Note, however, that their Char-Siu is forgettable, and their Won Tons or dumplings are usually serviceable and sometimes even good. But I really like their alkaline noodles as well as their broth, and their roasted birds are, well, spectacular, and this is what puts it on the list for me. (They really do a good job with their roasted fowl and one would be missing out for not trying it at least once...)
When their noodle soups are ordered dry it's almost like getting three dishes in one - a bowl of soup, a separately plated "noodle salad", and a separately plated protein item, in this case a piece of roasted fowl.
In S.D. I find many times we have to be happy with what we can find, less we miss out entirely wanting more.
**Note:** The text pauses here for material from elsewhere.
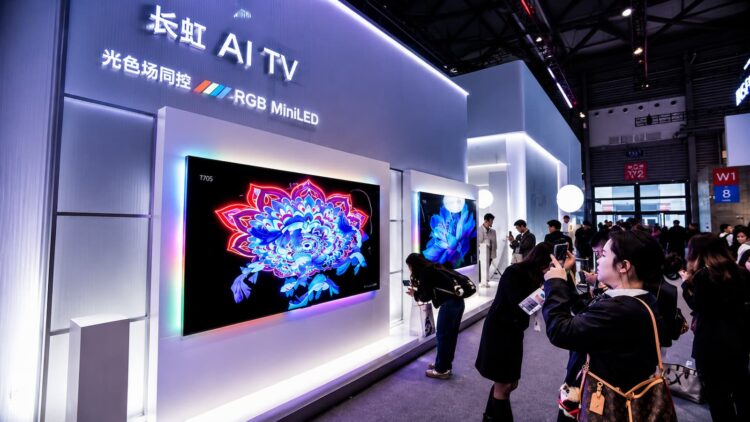 China ya no quiere solo más nits: este televisor RGB Mini LED adapta la imagen a la luz real de tu salón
SGV we certainly are not... Perhaps LHK (in MM) is my "Super Sergio"... :)
"In S.D. I find many times we have to be happy with what we can find, less we miss out entirely wanting more. SGV we certainly are not... Perhaps LHK (in MM) is my "Super Sergio"... :)"
Having lived around SGV for a few years, and having Chinese-style Chinese whenever I visit family on the east coast, maybe my taste buds haven't yet been calibrated to VN-style Chinese.
Potato taquitos at Acqi es Texcoco
Lobster tacos and cold Pacifico's on the back patio of Bahia's..
Breakfast at the La V patio overlooking LJ Cove
Marg's and queso mushroom app at Hacienda de Vega
Chile relleno with beans at Fidels
Duckett's bucket of steamers, dozen kumamoto oysters, cheesy bread and a couple of Anchor Steams
Pan fried tofu dumplings at Dumpling Inn with tons of sambal and brown sauce to dip
Scallop sandwich at Point Loma Seafoods
And the finale....Mussel Bisque en croute at Dobson's with a bottle of Shafer Hillside Select
Lobster B.L.T. at the Bali Hai and an Ice cold bloody Mary, all while staring out the window at that beautiful sky line of ours. That's what I had the last time I left S.D. Killer sandwich by the way. Its like 12 bucks and you can't beat that view.
My wife and I are facing the same dilemma.
I know that a trip to Kaito is something I plan to make before we leave.